Synchronizing Organizational Infrastructures
A recent review of a strategic IT plan depicted an ill fated attempt to map the functional areas of the business to the targeted SOA functional model. The mapping was almost impossible to understand and will similarly be as difficult to implement. The reason was simple. The target architecture was services oriented and the governance structure was not.
Most organizations are based on hierarchy charts, just as most legacy systems were built based on those same hierarchies. If executives do not address the core hierarchies, fiefdoms, overlapping functional alignment and cultural infighting as a part of the solution, process, systems and data realignment will see limited success. Further, any successes that do occur are likely to be short-lived given that processes, systems and data will revert back to a redundant, splintered state because an organization is poorly aligned.
An alternative approach tackles the challenge head on by addressing cross-functional collaboration and governance issues as part of the solution. Consider another telecommunications company that launched self-governing teams to retool processes, provide automation, consolidate solutions, deploy reusable services, retire selected legacy applications and deliver hard ROI to the business community.
This organization found that the culture needed to shift and that collaborative governance needed to emerge that provided customer value as a top priority. Taking this approach, these teams embarked on a journey of discovery with the business community and delivered bottom line value along the way. As a result, the organization discovered new ways to work together across business lines and regions.

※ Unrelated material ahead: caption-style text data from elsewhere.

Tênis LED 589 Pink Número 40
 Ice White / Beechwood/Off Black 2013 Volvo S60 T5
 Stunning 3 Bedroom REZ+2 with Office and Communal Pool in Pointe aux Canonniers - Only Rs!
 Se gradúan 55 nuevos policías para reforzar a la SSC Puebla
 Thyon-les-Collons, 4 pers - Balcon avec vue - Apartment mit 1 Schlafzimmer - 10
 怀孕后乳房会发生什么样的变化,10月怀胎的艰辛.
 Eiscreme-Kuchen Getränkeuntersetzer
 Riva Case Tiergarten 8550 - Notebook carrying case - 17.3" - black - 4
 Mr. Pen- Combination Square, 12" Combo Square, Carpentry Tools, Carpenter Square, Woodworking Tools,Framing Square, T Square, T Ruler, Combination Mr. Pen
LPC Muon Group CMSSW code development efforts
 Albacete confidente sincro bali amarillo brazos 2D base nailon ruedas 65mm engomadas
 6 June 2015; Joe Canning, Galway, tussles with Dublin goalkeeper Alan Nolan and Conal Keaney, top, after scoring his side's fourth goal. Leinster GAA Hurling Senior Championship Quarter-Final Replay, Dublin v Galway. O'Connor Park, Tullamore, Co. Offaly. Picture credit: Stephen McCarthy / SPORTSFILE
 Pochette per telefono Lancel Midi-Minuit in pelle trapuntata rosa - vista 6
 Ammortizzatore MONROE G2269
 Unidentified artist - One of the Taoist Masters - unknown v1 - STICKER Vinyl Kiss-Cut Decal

Success was a result of addressing the cultural issues within the organization that then allowed the team to build upon its successes and create agility across the enterprise. ROI figures actually reached 500%. When this type of approach is used, the boundaries of success have no limits. If, on the other hand, organizations sidestep governance issues and try to force fit technology solutions into a poorly aligned enterprise, business and IT architectures will remain out of step.